What is needed here is every line of the records that includes "sexuée".

▶ _DATA SHOWN_:
- - - - - - -

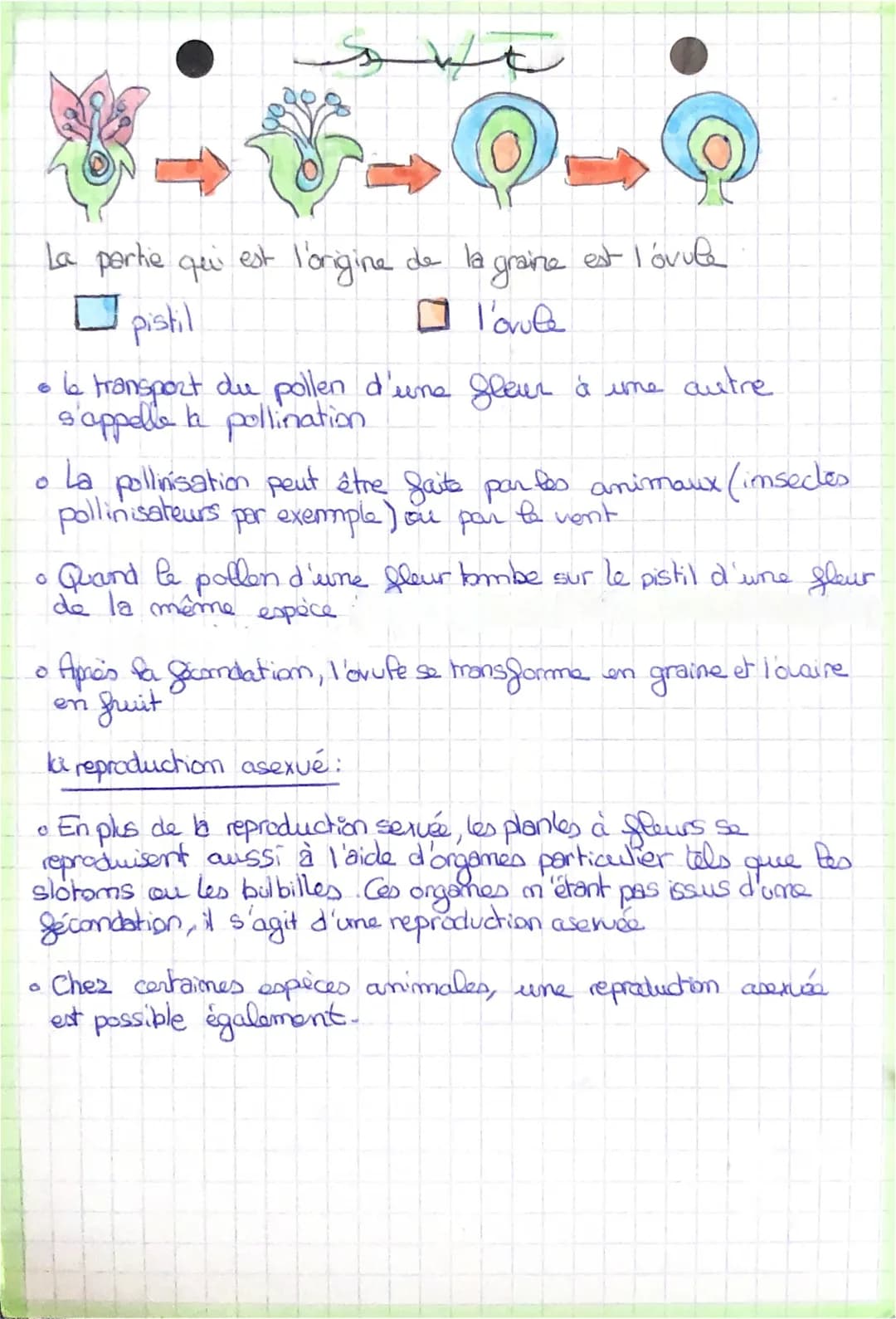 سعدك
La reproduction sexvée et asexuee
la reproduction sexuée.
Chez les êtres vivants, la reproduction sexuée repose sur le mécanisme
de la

- - - - - - -

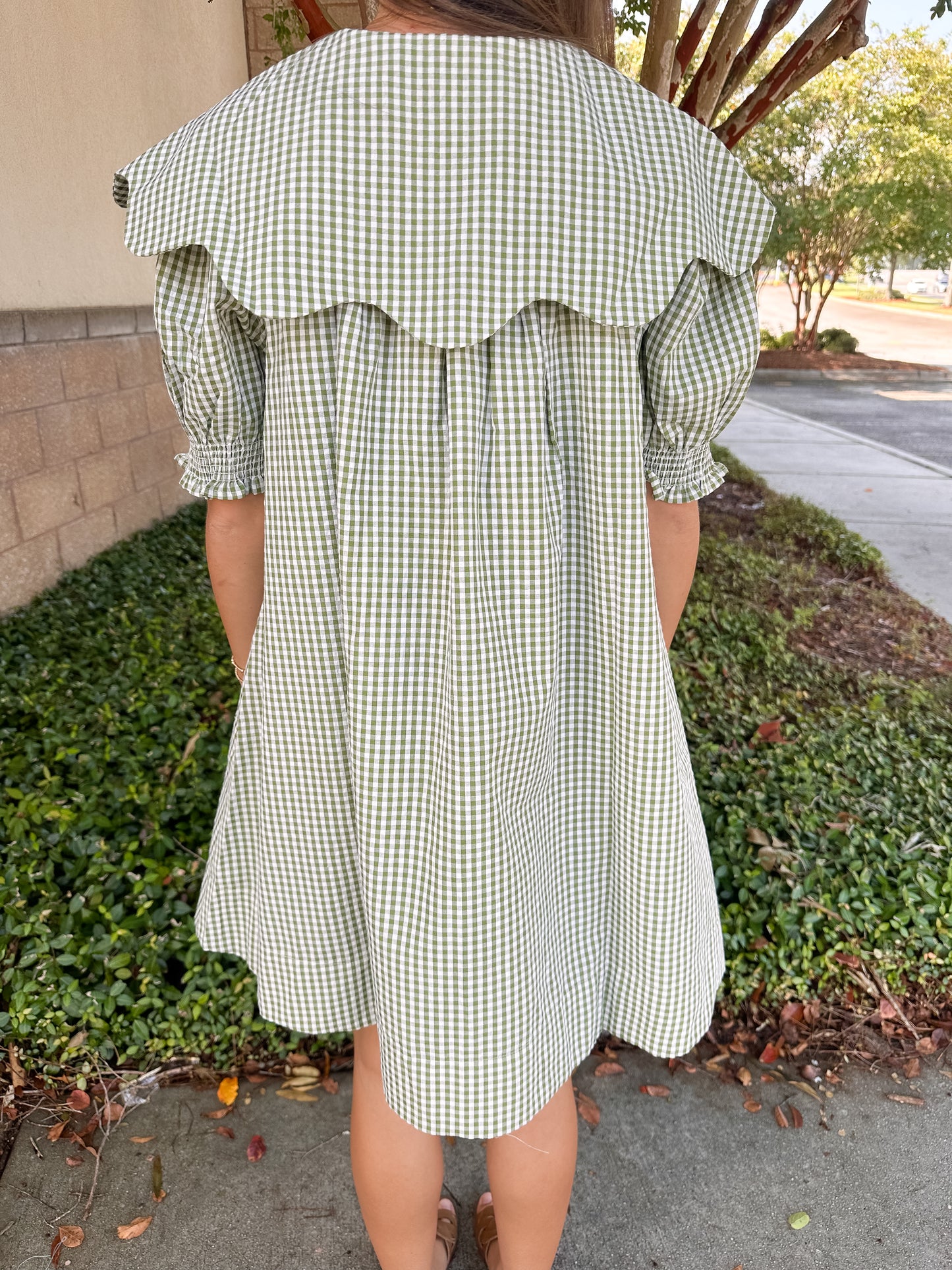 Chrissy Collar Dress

- - - - - - -

▶ _FINISHED EXERCISE_:
la reproduction sexuée.
Chez les êtres vivants, la reproduction sexuée repose sur le mécanisme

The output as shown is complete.